* TASK BRIEF:
Take each line of the material that includes "from" and copy it.

* MATERIAL PROVIDED:
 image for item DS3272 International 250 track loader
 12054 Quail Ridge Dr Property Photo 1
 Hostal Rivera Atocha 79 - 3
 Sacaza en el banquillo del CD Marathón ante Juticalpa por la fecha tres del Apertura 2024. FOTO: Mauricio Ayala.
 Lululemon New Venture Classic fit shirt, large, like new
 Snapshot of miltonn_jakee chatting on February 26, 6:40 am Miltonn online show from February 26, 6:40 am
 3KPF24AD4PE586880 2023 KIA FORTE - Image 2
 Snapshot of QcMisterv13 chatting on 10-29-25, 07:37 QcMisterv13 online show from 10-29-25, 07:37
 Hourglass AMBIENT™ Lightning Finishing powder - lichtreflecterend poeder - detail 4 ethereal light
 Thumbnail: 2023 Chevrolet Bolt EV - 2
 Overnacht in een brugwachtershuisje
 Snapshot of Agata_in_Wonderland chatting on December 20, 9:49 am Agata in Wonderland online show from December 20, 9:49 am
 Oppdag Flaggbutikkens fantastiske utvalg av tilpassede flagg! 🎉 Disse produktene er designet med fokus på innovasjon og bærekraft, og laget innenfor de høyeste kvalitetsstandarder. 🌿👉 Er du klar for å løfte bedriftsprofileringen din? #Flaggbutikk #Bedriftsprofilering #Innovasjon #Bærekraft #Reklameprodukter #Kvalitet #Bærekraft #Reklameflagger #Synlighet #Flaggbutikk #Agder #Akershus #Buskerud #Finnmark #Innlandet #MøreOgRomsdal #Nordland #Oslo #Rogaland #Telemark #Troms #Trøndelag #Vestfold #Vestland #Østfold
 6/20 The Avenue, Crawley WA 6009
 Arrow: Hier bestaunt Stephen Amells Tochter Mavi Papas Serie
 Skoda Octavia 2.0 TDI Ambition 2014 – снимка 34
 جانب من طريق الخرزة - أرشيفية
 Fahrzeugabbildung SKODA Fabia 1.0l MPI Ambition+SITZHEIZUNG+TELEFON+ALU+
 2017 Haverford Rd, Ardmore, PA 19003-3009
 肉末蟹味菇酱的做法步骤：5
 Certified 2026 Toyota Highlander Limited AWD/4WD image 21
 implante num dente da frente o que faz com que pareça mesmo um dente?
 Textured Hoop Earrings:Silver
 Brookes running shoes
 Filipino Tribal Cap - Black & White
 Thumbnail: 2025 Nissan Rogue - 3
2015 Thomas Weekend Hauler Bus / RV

* SOLUTION FOR THIS PROBLEM:
 Snapshot of miltonn_jakee chatting on February 26, 6:40 am Miltonn online show from February 26, 6:40 am
 Snapshot of QcMisterv13 chatting on 10-29-25, 07:37 QcMisterv13 online show from 10-29-25, 07:37
 Snapshot of Agata_in_Wonderland chatting on December 20, 9:49 am Agata in Wonderland online show from December 20, 9:49 am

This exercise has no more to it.